After the second proof hearing, the plaintiff demanded arbitration pursuant to the UIM endorsement with INA. INA resisted arbitration. It stated that it would not entertain plaintiff's request for arbitration until the issue of whether Beverage's declination of coverage for Wahway and Paul's was proper had been determined. INA suggested that the plaintiff obtain an assignment from the defendants and pursue a declaratory judgment action against Beverage.

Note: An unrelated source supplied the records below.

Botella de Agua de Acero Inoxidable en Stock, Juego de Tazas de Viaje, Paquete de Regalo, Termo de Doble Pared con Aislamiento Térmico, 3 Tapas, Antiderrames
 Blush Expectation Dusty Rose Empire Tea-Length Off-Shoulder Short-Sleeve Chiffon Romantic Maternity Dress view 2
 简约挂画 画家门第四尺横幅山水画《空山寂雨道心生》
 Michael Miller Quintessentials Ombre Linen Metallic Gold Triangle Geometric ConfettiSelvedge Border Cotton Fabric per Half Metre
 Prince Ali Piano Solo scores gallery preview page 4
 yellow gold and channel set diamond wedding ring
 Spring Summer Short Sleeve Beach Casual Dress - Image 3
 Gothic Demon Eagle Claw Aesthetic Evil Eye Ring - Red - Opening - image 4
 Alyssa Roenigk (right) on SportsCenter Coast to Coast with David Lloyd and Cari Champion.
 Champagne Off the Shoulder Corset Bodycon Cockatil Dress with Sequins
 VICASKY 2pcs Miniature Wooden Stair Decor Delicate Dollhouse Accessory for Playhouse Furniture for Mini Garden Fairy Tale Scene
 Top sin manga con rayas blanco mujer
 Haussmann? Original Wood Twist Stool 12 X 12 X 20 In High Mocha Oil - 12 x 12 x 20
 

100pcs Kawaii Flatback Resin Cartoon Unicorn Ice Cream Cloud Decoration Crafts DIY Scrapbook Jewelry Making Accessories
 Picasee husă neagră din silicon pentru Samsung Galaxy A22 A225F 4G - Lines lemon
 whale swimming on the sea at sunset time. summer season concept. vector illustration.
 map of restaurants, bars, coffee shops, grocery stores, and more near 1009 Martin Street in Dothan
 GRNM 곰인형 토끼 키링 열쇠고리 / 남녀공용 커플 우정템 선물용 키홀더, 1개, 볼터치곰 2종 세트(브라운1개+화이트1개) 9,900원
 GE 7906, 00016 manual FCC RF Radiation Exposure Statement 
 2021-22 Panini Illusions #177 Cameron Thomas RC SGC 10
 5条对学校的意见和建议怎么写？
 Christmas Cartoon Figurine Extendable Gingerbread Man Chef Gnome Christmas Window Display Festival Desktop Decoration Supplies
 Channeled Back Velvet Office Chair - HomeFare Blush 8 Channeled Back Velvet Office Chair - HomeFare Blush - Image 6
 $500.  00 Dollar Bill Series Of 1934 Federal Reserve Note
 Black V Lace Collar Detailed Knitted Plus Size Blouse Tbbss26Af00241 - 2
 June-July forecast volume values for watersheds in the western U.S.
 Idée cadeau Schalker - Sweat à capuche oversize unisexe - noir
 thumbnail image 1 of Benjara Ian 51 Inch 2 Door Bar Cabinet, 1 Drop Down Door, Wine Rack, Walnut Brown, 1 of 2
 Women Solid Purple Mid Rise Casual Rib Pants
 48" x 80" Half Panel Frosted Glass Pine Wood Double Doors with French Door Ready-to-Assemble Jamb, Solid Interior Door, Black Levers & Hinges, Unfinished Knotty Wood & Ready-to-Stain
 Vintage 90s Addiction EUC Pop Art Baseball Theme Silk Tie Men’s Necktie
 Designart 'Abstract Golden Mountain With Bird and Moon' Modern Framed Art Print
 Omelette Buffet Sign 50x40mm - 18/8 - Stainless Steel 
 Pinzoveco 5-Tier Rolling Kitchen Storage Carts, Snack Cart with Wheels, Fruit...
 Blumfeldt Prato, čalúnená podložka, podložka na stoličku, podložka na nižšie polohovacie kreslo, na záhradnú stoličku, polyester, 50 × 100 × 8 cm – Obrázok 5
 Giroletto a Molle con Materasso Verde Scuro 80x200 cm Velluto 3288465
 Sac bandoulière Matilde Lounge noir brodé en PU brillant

While the plaintiff offered to cooperate in any action that INA might institute against Beverage, he insisted that he was entitled to UIM benefits under his policy of insurance. When INA continued to decline to participate in arbitration he instituted this action. INA has filed a third party complaint against Beverage. The plaintiff now moves for Summary Judgment.

I

The defendant contends that the plaintiff cannot recover UIM benefits if the limits of liability under the policies insuring the tortfeasors exceed the limits of liability under UIM endorsements. In this case, INA asserts that the liability limits of *76 Hanover ($15,000.00) and Beverage ($300,000.00) exceed the UIM benefits available under its policy with Dickenson, i.e. $100,000.00. The defendant asserts that N.J.S.A. 17:28-1.1e mandates that the comparison of all bodily injury liability insurance policies with the available UIM benefit be made at the time of the collision and not sometime thereafter. Therefore, because at the time of the collision $315,000.00 in liability benefits were potentially available to the plaintiff and that sum exceeds his UIM limits of $100,000.00, he is barred from making a claim under his UIM endorsement. Alternatively, the defendant INA argues that even if the plaintiff is entitled to UIM benefits, he is not entitled to them until he has pursued a declaratory judgment action to have a judicial determination of whether or not Beverage's declination of coverage was legally permissible.

The plaintiff, on the other hand, asserts that the use of the term "available" in N.J.S.A. 17:28-1.1e refers to amounts that will be available to the plaintiff for collection. He argues that the purpose of UIM would be defeated if a plaintiff were not to have available to him UIM coverage when liability coverage is denied due to the actions of a tortfeasor over which he had no control. Secondly, he argues that, once a carrier has declined coverage, he should be permitted to pursue his UIM coverage. He acknowledges that, while he might be obligated to cooperate in an action his UIM carrier may choose to pursue against Beverage, he should not be required to pursue such an action. He contends that proceeding in this way favors the goal of having injured parties promptly compensated for their losses.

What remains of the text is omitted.